◆ **WORK TO BE COMPLETED**
The whole listing that follows is to be restated word for word, images excluded.

::: SOURCE MATERIAL

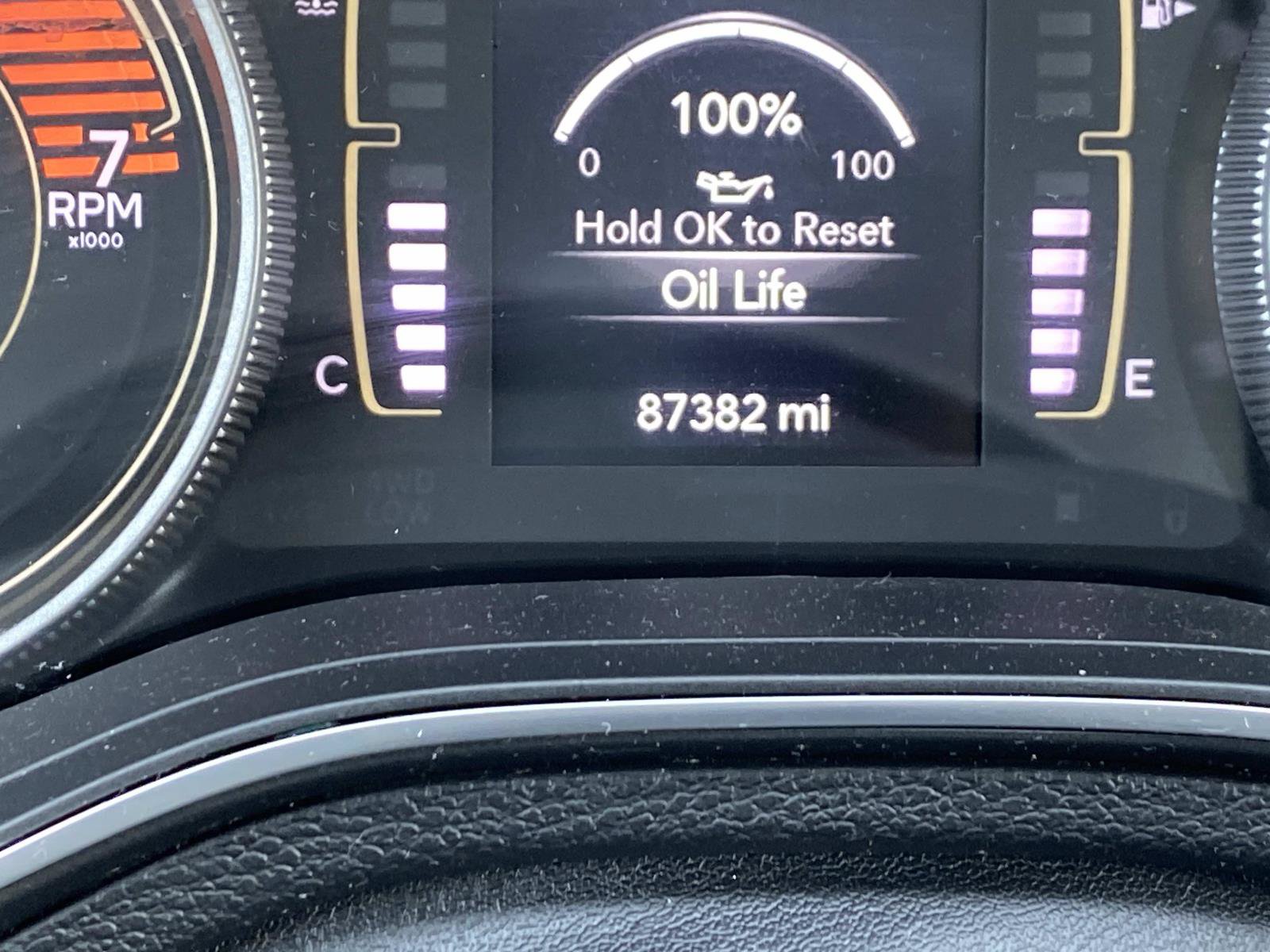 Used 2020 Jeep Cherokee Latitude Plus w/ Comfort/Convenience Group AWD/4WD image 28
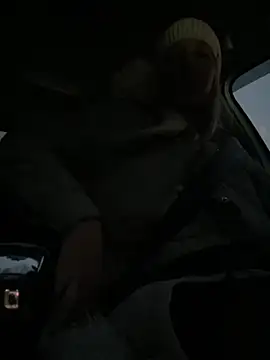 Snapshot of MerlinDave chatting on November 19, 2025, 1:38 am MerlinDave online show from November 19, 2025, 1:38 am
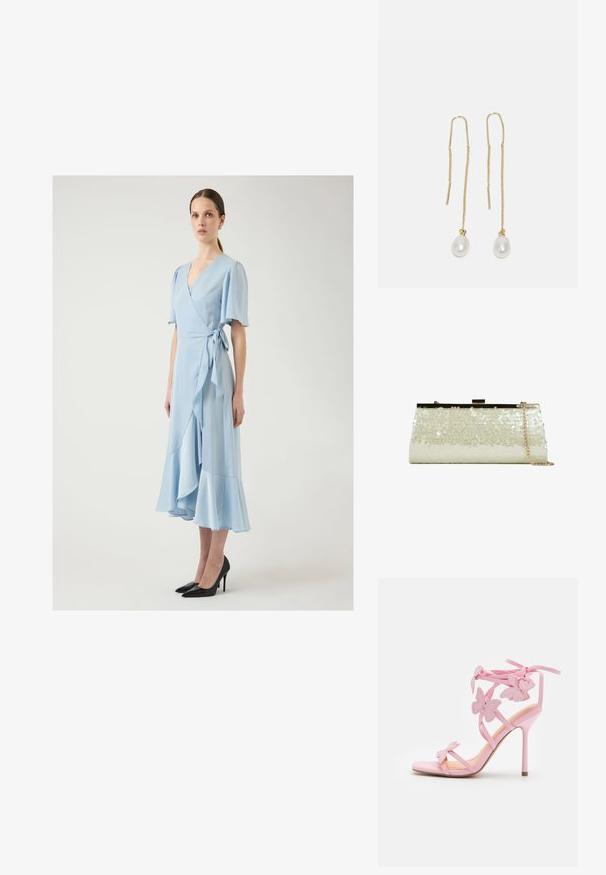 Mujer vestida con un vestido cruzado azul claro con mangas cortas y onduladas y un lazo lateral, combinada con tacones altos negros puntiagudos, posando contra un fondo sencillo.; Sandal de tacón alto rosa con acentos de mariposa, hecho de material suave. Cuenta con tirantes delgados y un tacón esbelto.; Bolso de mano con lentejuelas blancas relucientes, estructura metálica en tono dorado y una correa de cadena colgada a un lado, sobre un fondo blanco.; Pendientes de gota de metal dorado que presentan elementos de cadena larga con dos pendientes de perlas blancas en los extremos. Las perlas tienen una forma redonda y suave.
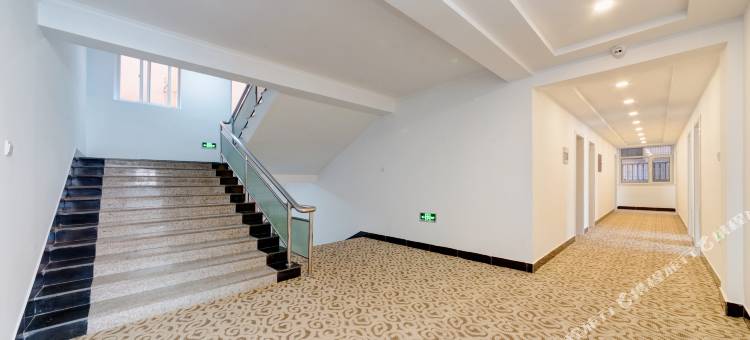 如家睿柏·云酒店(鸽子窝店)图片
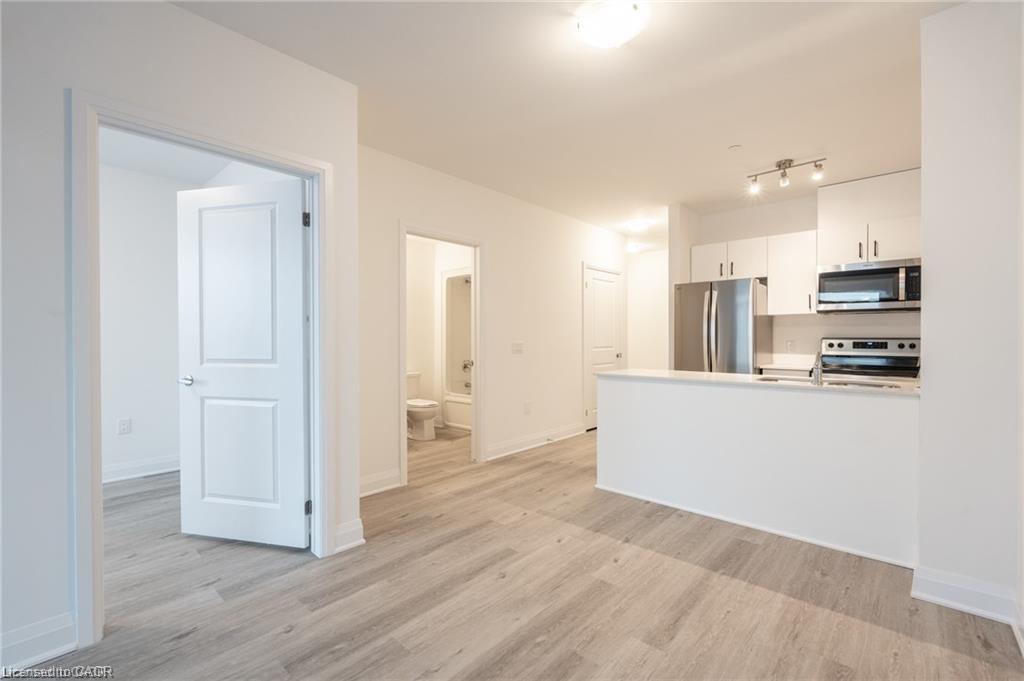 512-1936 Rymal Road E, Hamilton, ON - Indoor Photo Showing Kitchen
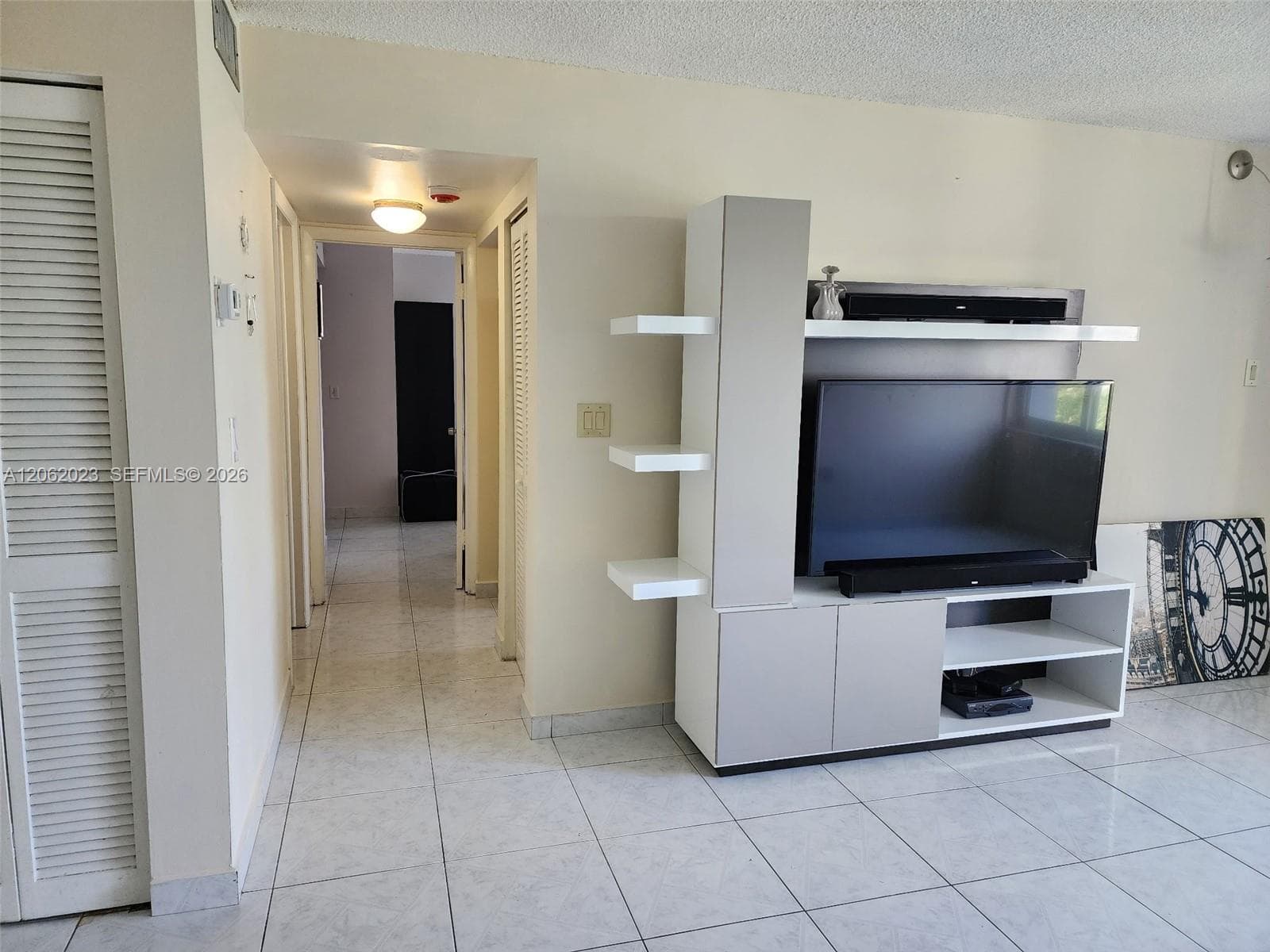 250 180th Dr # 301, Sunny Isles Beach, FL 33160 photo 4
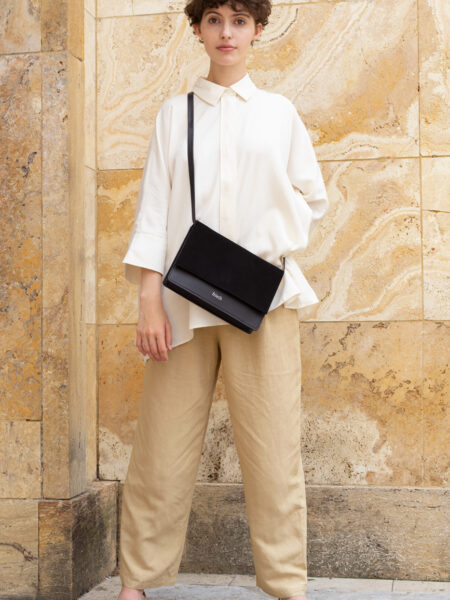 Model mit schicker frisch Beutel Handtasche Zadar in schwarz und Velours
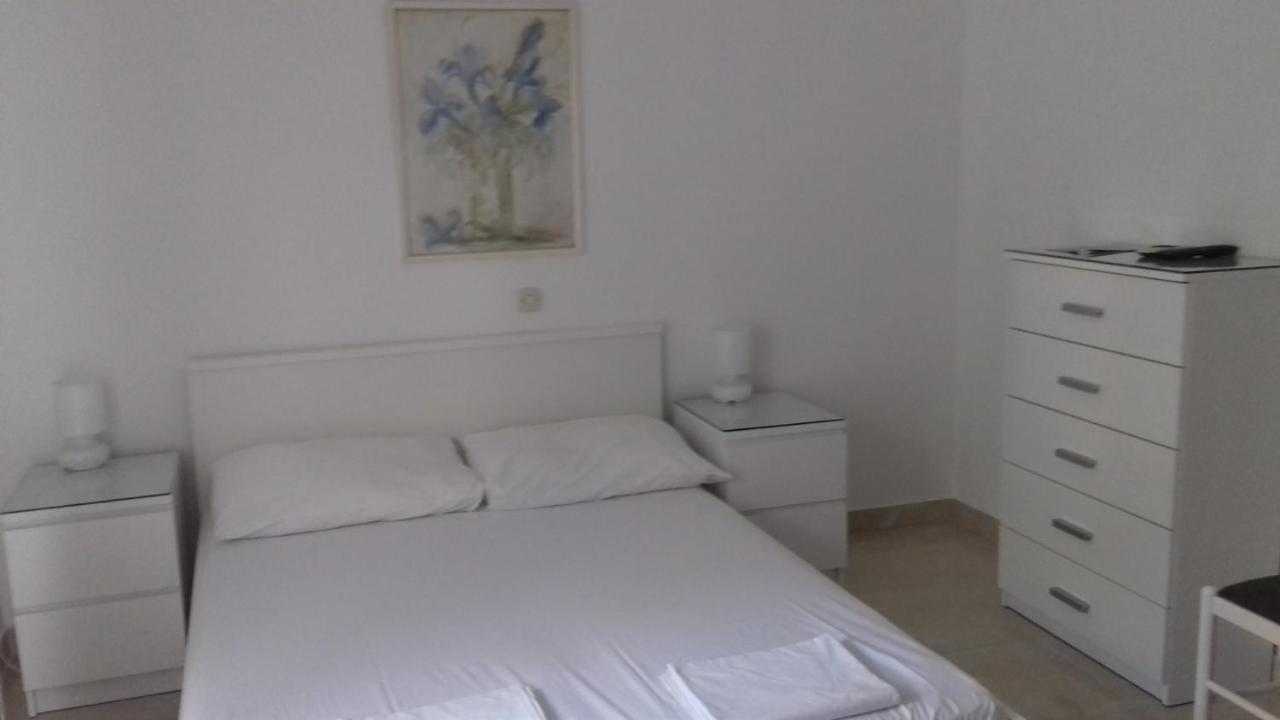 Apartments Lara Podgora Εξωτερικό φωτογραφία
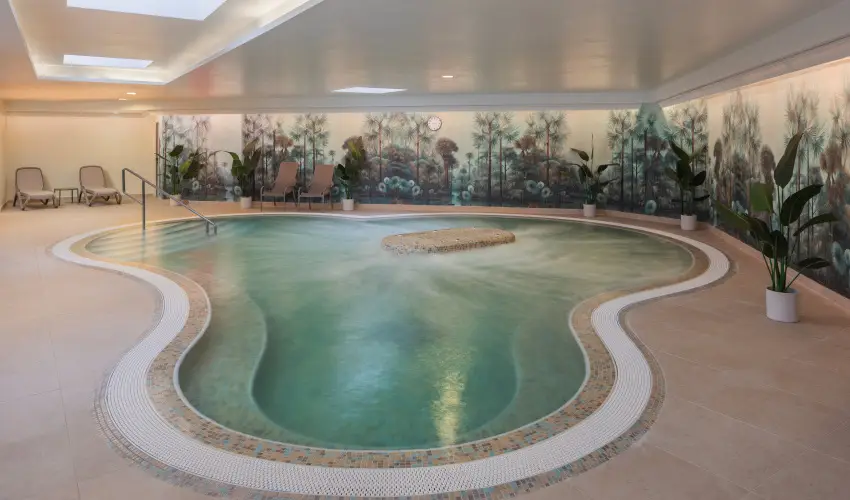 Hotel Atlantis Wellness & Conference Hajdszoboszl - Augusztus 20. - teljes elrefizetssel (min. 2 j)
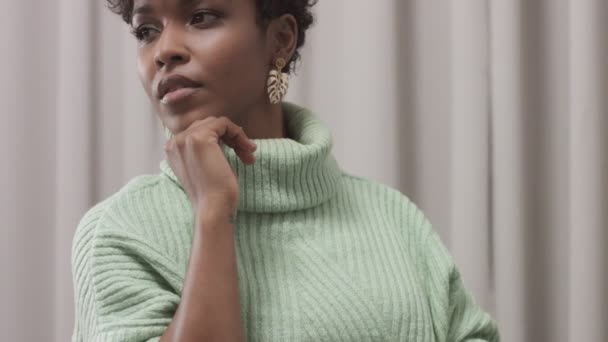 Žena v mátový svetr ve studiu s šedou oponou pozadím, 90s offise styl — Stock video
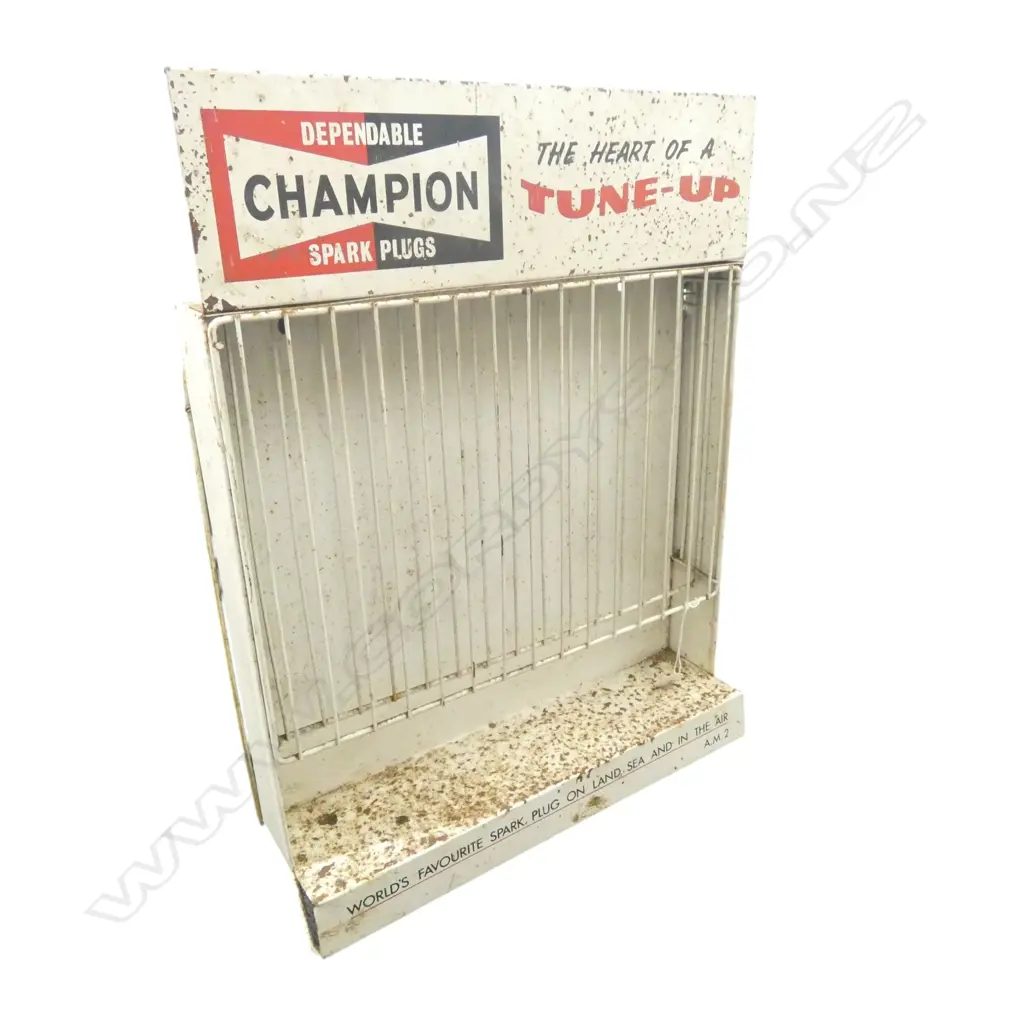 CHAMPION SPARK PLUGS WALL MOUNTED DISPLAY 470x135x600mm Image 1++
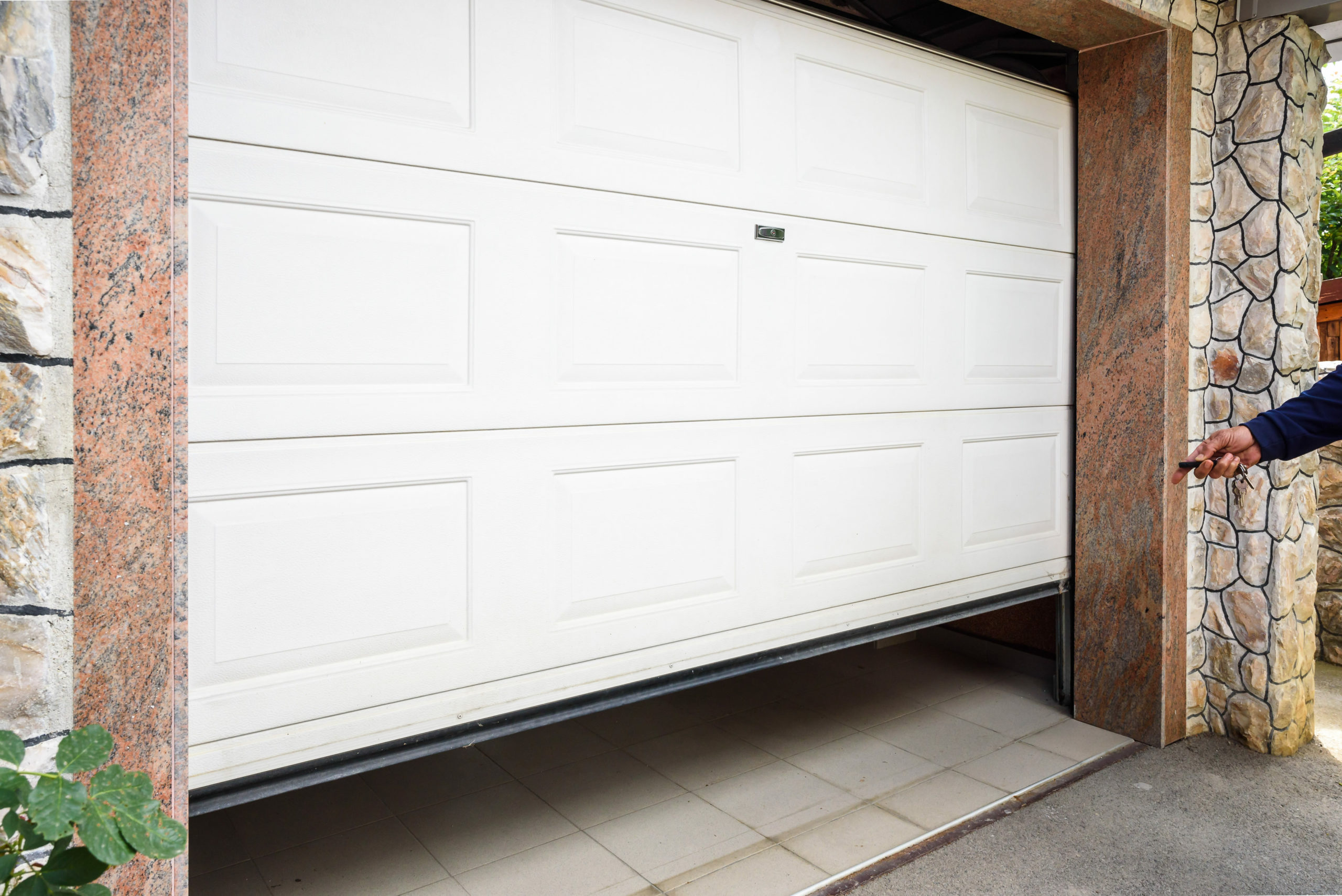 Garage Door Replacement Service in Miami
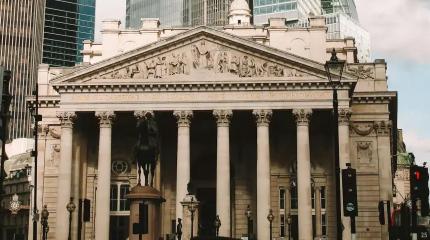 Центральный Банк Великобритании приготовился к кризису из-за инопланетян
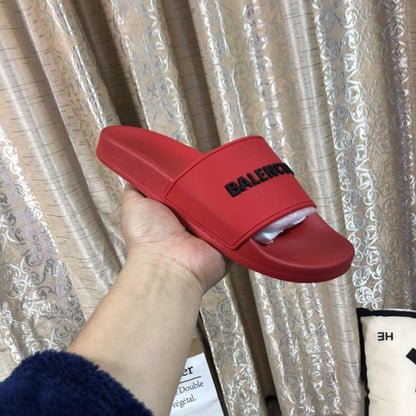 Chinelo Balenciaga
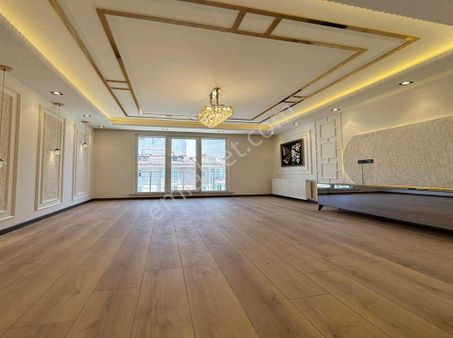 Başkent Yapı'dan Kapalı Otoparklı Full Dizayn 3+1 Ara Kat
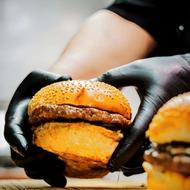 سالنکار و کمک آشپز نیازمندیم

::::::

◆ **FINAL ANSWER**
 Used 2020 Jeep Cherokee Latitude Plus w/ Comfort/Convenience Group AWD/4WD image 28
 Snapshot of MerlinDave chatting on November 19, 2025, 1:38 am MerlinDave online show from November 19, 2025, 1:38 am
 Mujer vestida con un vestido cruzado azul claro con mangas cortas y onduladas y un lazo lateral, combinada con tacones altos negros puntiagudos, posando contra un fondo sencillo.; Sandal de tacón alto rosa con acentos de mariposa, hecho de material suave. Cuenta con tirantes delgados y un tacón esbelto.; Bolso de mano con lentejuelas blancas relucientes, estructura metálica en tono dorado y una correa de cadena colgada a un lado, sobre un fondo blanco.; Pendientes de gota de metal dorado que presentan elementos de cadena larga con dos pendientes de perlas blancas en los extremos. Las perlas tienen una forma redonda y suave.
 如家睿柏·云酒店(鸽子窝店)图片
 512-1936 Rymal Road E, Hamilton, ON - Indoor Photo Showing Kitchen
 250 180th Dr # 301, Sunny Isles Beach, FL 33160 photo 4
 Model mit schicker frisch Beutel Handtasche Zadar in schwarz und Velours
 Apartments Lara Podgora Εξωτερικό φωτογραφία
 Hotel Atlantis Wellness & Conference Hajdszoboszl - Augusztus 20. - teljes elrefizetssel (min. 2 j)
 Žena v mátový svetr ve studiu s šedou oponou pozadím, 90s offise styl — Stock video
 CHAMPION SPARK PLUGS WALL MOUNTED DISPLAY 470x135x600mm Image 1++
 Garage Door Replacement Service in Miami
 Центральный Банк Великобритании приготовился к кризису из-за инопланетян
 Chinelo Balenciaga
 Başkent Yapı'dan Kapalı Otoparklı Full Dizayn 3+1 Ara Kat
 سالنکار و کمک آشپز نیازمندیم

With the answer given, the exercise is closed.